Il ruolo del cardinale Zuppi non è ancora stato definito chiaramente. Anche se Leone XIV gli ha chiesto di continuare a occuparsi di questioni umanitarie, il suo ruolo sarà meno preminente, nonostante incontri recenti con Zelensky e il segretario di Stato USA Marco Rubio.

L’arcivescovo Visvaldas Kulbokas, nunzio a Kiev, che ha resistito in città durante i momenti più critici dell’aggressione russa e continua a inviare rapporti dettagliati, sarà sicuramente coinvolto nei colloqui. Altrettanto importante è l’opinione di Sviatoslav Shevchuk, arcivescovo maggiore della Chiesa greco-cattolica ucraina, sempre in prima linea dal conflitto.

La questione della sicurezza

Un aspetto cruciale sarà la sicurezza dell’eventuale incontro.
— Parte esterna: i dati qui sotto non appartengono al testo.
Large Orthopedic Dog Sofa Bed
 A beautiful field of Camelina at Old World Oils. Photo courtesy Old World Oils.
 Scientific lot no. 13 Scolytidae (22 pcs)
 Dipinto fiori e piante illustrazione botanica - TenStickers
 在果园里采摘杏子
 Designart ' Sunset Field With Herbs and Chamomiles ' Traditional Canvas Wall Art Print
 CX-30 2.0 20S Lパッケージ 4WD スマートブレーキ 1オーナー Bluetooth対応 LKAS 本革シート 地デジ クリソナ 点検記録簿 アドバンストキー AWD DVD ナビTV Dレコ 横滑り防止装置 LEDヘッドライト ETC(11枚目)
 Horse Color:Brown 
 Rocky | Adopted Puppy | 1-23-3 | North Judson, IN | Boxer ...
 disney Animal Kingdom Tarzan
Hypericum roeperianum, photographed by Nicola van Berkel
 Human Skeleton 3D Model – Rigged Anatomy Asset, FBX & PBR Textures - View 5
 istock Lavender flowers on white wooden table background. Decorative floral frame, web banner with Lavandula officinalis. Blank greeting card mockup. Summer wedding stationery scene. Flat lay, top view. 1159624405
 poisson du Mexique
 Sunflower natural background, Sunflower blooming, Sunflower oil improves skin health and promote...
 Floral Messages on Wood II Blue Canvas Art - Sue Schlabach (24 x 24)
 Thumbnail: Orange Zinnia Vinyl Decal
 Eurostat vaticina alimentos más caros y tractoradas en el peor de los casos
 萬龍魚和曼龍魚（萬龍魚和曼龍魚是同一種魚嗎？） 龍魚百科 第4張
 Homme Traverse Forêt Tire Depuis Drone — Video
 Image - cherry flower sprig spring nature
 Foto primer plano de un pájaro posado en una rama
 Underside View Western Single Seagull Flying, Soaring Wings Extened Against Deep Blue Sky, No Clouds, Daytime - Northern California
Il comandante della Gendarmeria Vaticana, Gianluca Gauzzi Broccoletti, avrà un ruolo fondamentale. Il protocollo dell’incontro sarà gestito dall’ufficio della Segreteria di Stato, diretto dal monsignore venezuelano Javier Domingo Fernández González, che ha già organizzato un incontro tra Zelensky e Trump nella Basilica Vaticana il 26 aprile, in occasione del funerale di Papa Bergoglio. (riproduzione riservata)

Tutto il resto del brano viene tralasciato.